Der Grünen-Landesvorsitzende Thomas von Sarnowski hat in seinem Heimatlandkreis wenig Mühe, die Zeitenwende in der Bundespolitik zu erklären.

Von Mathilde Wicht, Poing

Es ist Mittwochabend und die Stimmung ausgelassen in der Poinger Einkehr. Das hätte man vielleicht anders erwarten können. Die Kreisgrünen, die sich hier zusammengefunden haben, hätten Grund genug für hitzige Diskussionen: Waffenlieferungen an die Ukraine, das vom Bundestag beschlossene Sondervermögen, die durch Russland verursachte Gaskrise und zuletzt die Reaktivierung von Braunkohlekraftwerken, die in Robert Habeck ausgerechnet ein Wirtschaftsminister aus den eigenen Reihen soeben verkündet hat. Doch Thomas von Sarnowski, zugleich Landesvorsitzender und Ebersberger Kreisverbandsmitglied, hat im gut gefüllten Saal keine allzu große Mühe, die Politik der Regierungskoalition zu vertreten.

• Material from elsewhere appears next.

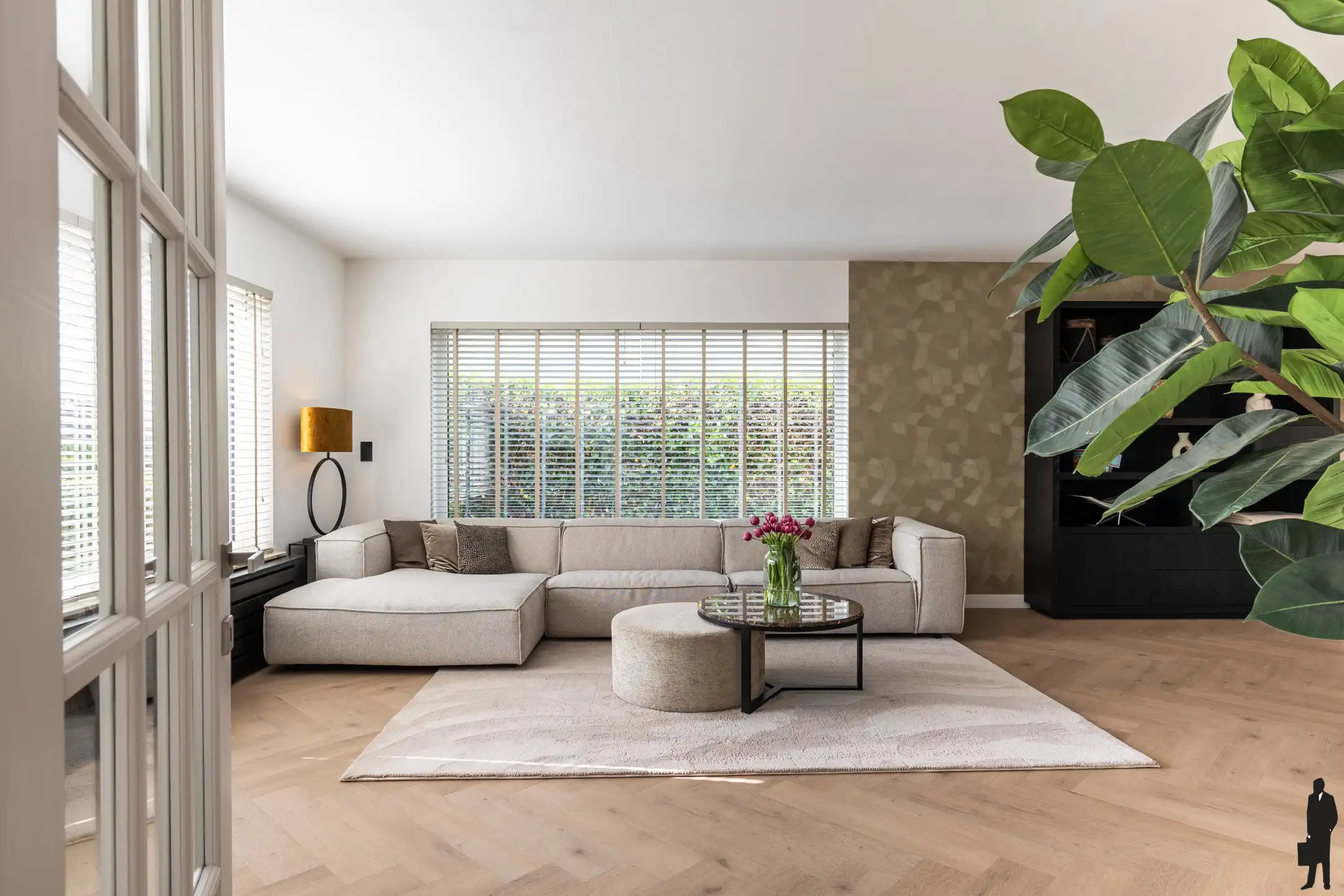 luxe afgewerkte vrijstaande woning op 842 m² in Poppel. foto 2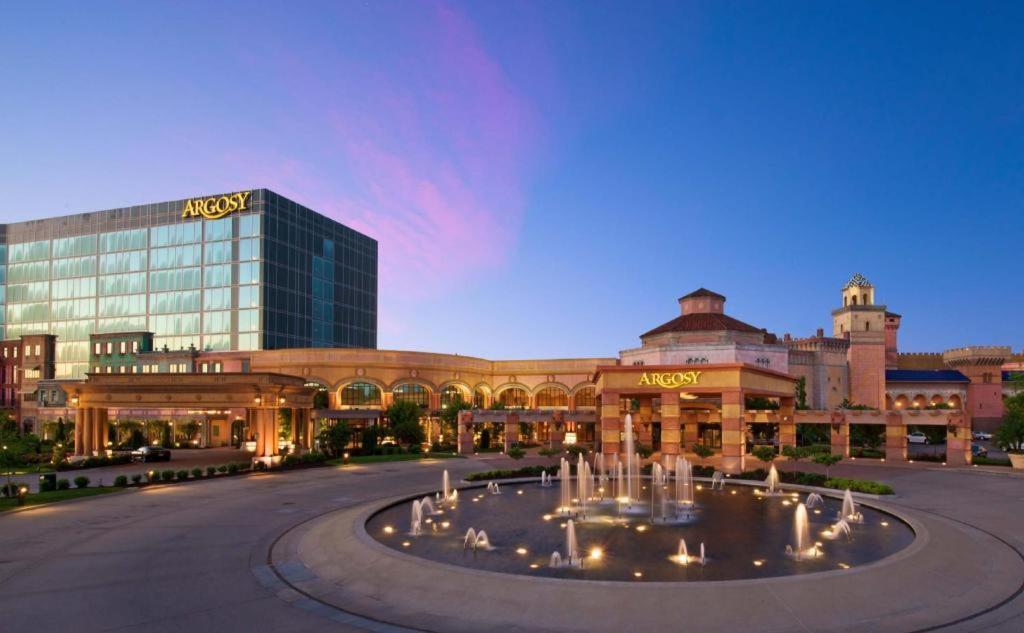 Argosy Casino Hotel & Spa Riverside Exterior photo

"Russland hat ein freies, souveränes Land angegriffen und so Millionen Menschen Leid zugefügt", so von Sarnowski. "Wir haben eine Verantwortung. Wir sind voller Solidarität mit den Menschen in der Ukraine." Zwar habe die deutsche Geschichte vor allem eins gezeigt, dass Deutschland nie wieder einen Krieg beginnen solle. Wenn aber ein Aggressionskrieg eingeleitet werde, müsse man dem Angegriffenen zur Seite stehen.

Thomas von Sarnowski ist mit dem anfänglichen Zögern der Bundesregierung beim Liefern schwerer Waffen an die Ukraine nicht ganz einverstanden. (Foto: Christian Endt)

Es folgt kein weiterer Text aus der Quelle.